- Born: February 8, 1985 (age 41) Winston-Salem, North Carolina, US
- Education: The University of North Carolina at Chapel Hill, Yale University
- Known for: Photography
- Website: endiabeal.com

= Endia Beal =

American visual artist, curator, and educator

Endia Beal (born February 8, 1985) is an African-American visual artist, curator, and educator. She is known for her work in creating visual narratives through photography and video testimonies focused on women of color working in corporate environments.

==Early life and education==
Endia Beal was born on February 8, 1985, in Winston-Salem, North Carolina. She is the daughter of Frank Beal and Sheila Beal. Beal took her first photo class at University of North Carolina Greensboro. In 2008 Beal graduated from the University of North Carolina at Chapel Hill with a double bachelor's degree in Art History and Studio Art. As an undergraduate student, she attended the Studio Art Center International in Florence, Italy focusing on classic Art History of High Renaissance period.

After her bachelor's degree, Beal was selected to participate in ArtTable - a program aimed at empowering women in the visual arts. At ArtTable she represented Washington, D.C., where she helped curate the Andy Warhol Exhibit at the Luther W. Brady Art Gallery of George Washington University. During this program, she began combining her artistic practices elements from activism work to create marketing campaigns in an effort to redefine the relationship between minorities communities and art.

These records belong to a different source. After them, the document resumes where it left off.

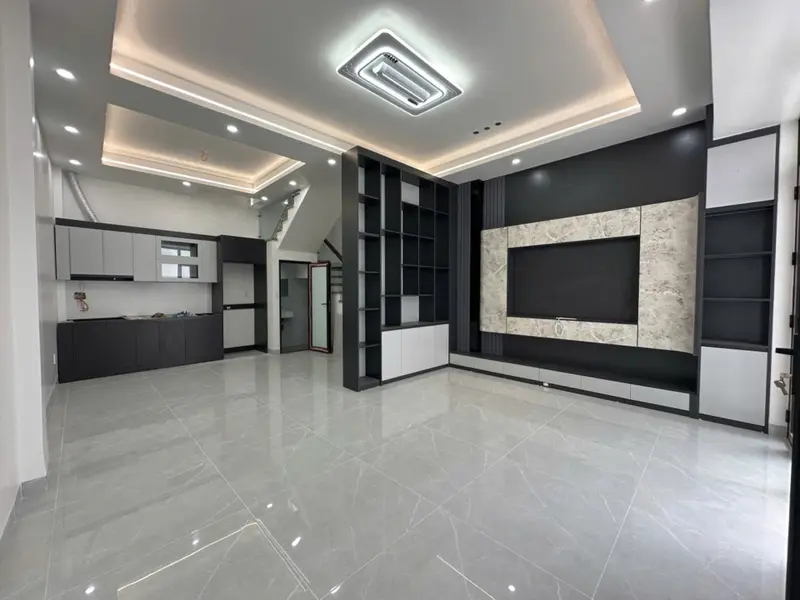 Nhà 4 Tầng Hiện Đại Trung Tâm Phù Liễn - Cơ Hội Vàng Cho Nhà Đầu Tư... Bán nhà riêng tại Phù Liễn, Hải Phòng 01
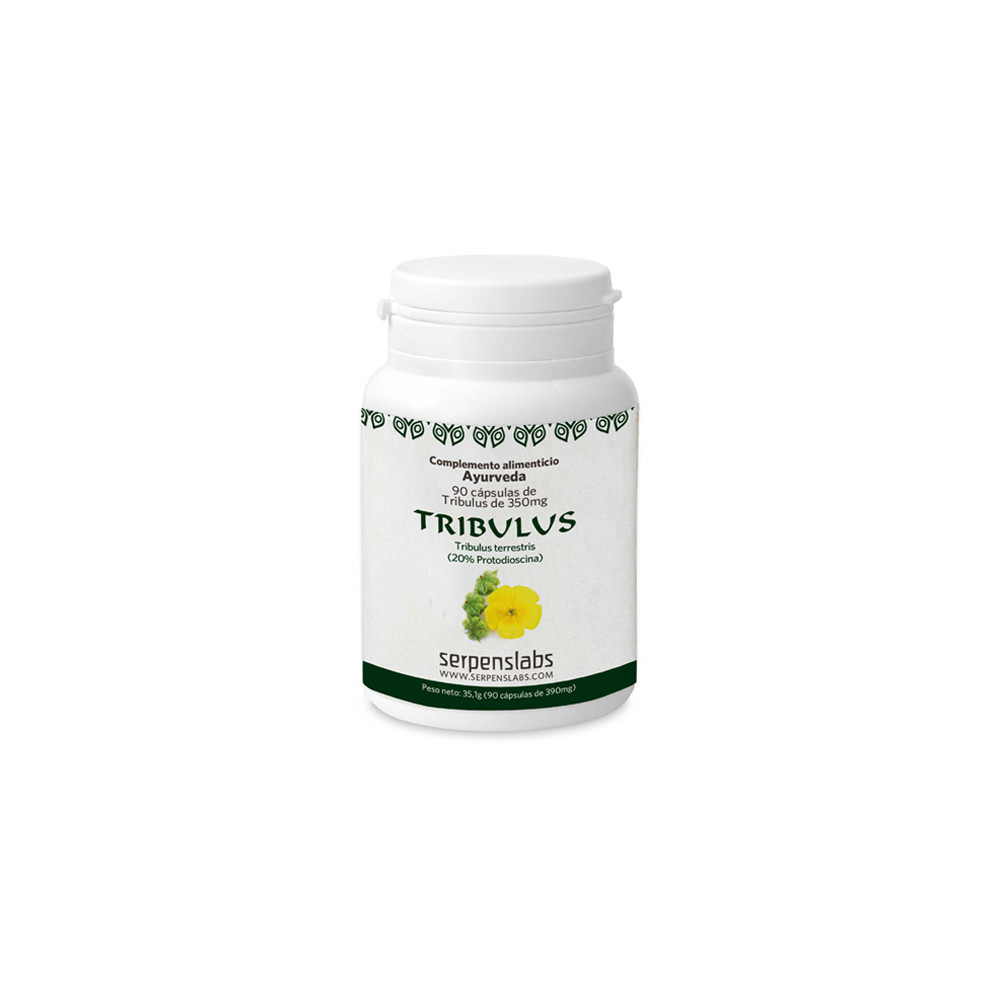 TRIBULUS (TERRESTRIS) 90 CAPS SERPENS
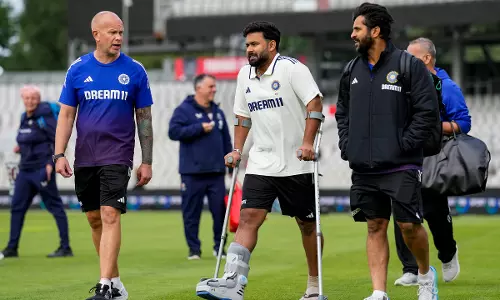 BCCI Name Replacement for Injured Pant; Check Updated Squad for 5th Test vs England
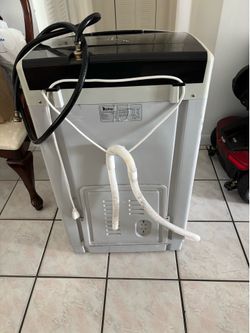Electric washing machine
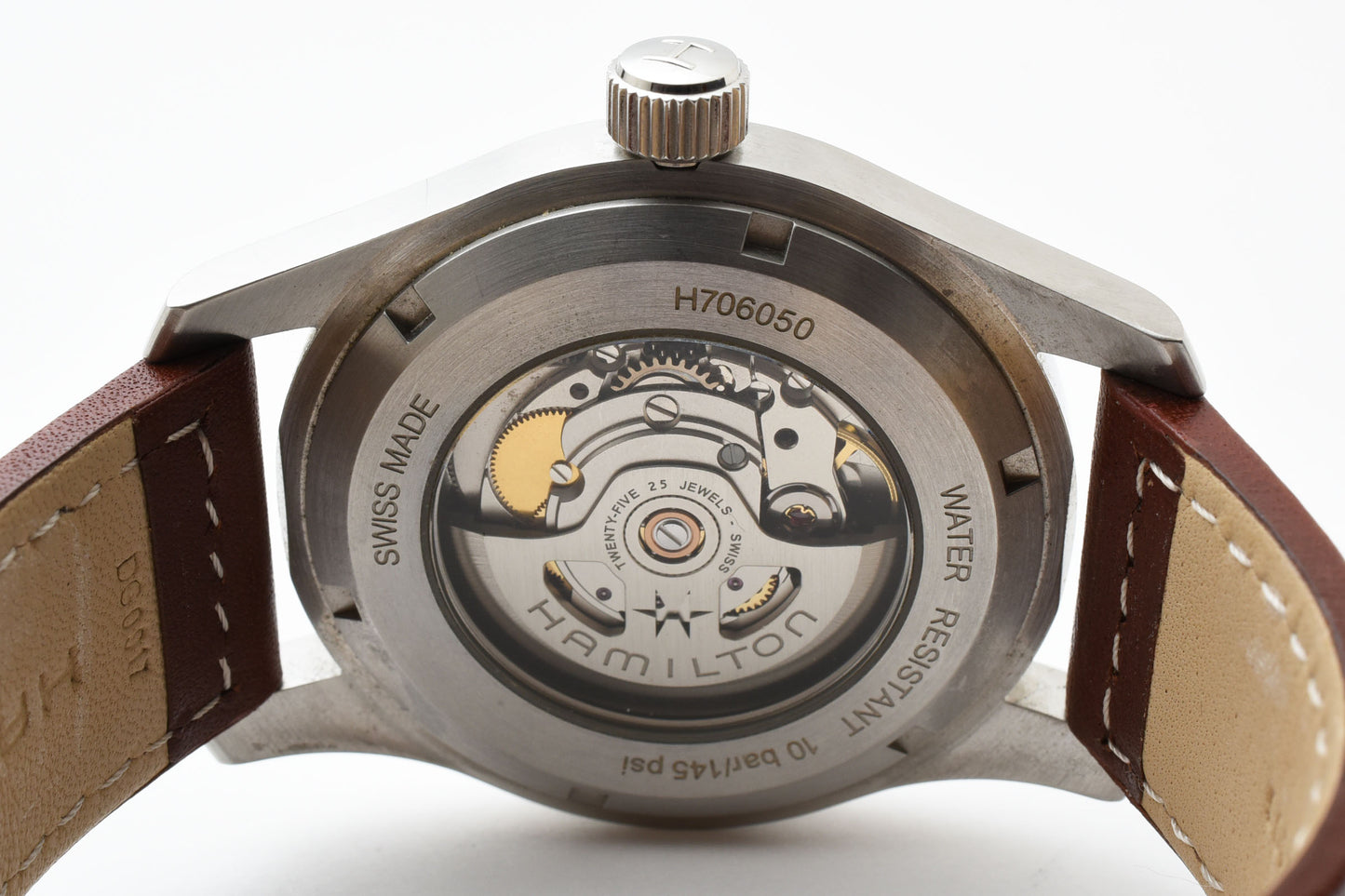 Hamilton Khaki Field H706050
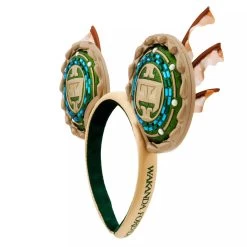 Disney Namor Ear Headband For Adults – Black Panther: Wakanda Forever -Disney 2021059555423 2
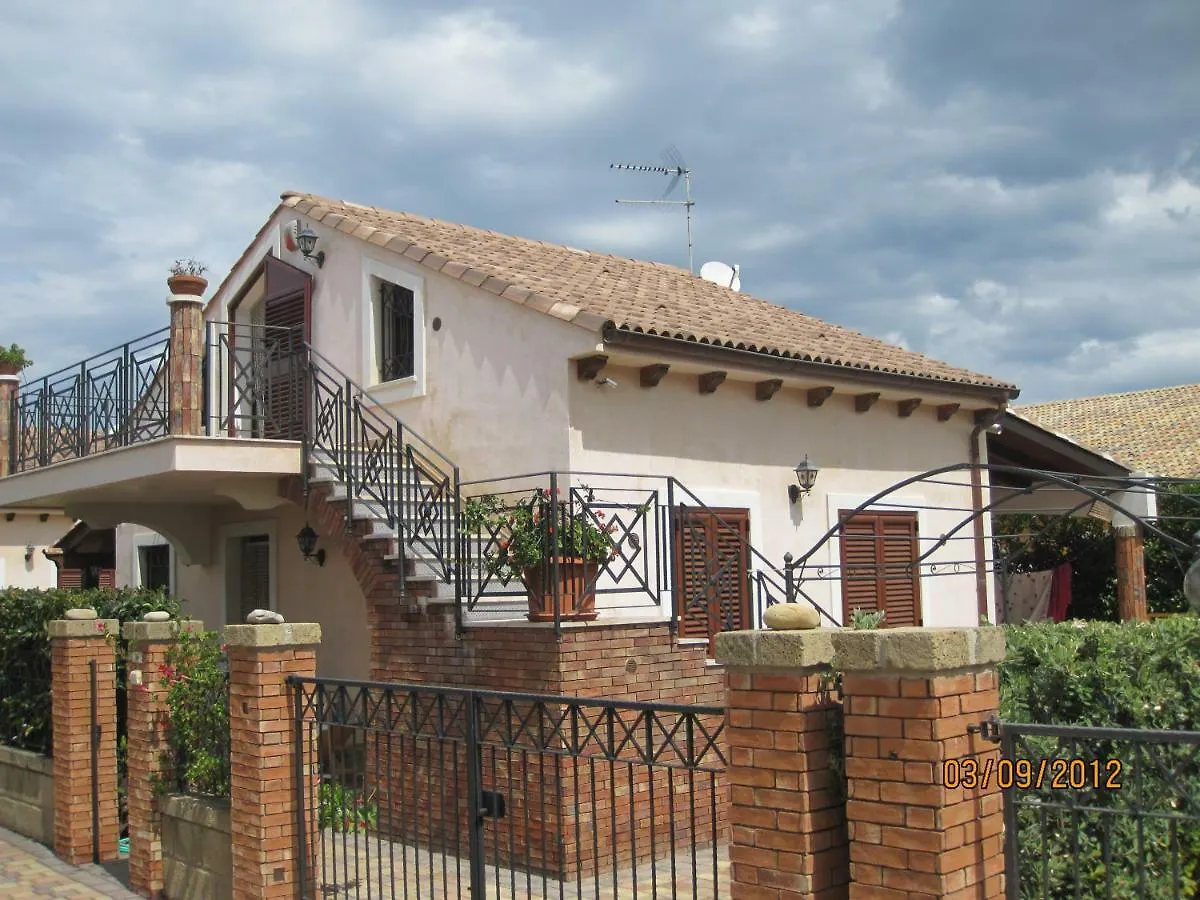 Mare Azzurro Villa Campofelice Di Roccella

In 2013, Beal got a master's degree from Yale School of Art in Fine Arts and Photography. During this time she created her first body of work exploring the struggles of women of color in the professional field, in the corporate space in particular.

Since 2014 Beal has worked as the Director of Diggs Gallery at Winston-Salem State University and is an Associate Professor of Art there.

==Career==
As her role models and sources of inspiration, Beal was interested in artists who incorporate personal stories in order to draw a bigger picture. Another important theme in Beal's works is questioning conformity and gender roles. Beal lists Carrie Mae Weems and Lorna Simpson as her personal favorites.

In her works, Beal uses visual narratives, expressed both in photo and video projects, that focus on examining the personal experiences of marginalized communities and individuals, focusing mostly on the background of African American women. Beal connects personal stories to the bigger background of the social group that she documents through her photography.

After participating in the artist-in-residence program at the Center for Photography at Woodstock, she developed her previous work in the project "Can I Touch It?" For this project, she made traditional portraits of white women that one would find in a corporate context but they wore traditional hairstyles of black women. Using role reversal, she wanted to represent the experience that she has faced herself as a black woman in the corporate field.

Another one of Beal's projects, "Am I What You Are Looking For?", focusing on portraying young black educated women entering the workforce and the personal stories behind them, was featured in VICE's 2016 Photo issue and won a grant from the Magnum Foundation.

Beal has worked in a curatorial capacity at the Southeastern Center for Contemporary Art and the Connecticut Center for Arts and Technology. She won a 2019 fellowship from Center for Curatorial Leadership.

===Exhibitions===
Beal's works have been exhibited in many institutions in the United States, including the Charles H. Wright Museum in Detroit, Michigan, the Harvey B. Gantt Center and the McColl Center, both in Charlotte, NC, Aperture Foundation of New York, and the Samuel Dorsky Museum of Art at State University of New York at New Paltz, Alice Austin House Museum, Photographic Center Northwest, Cathrine Edelman Gallery and Nasher Museum of Art.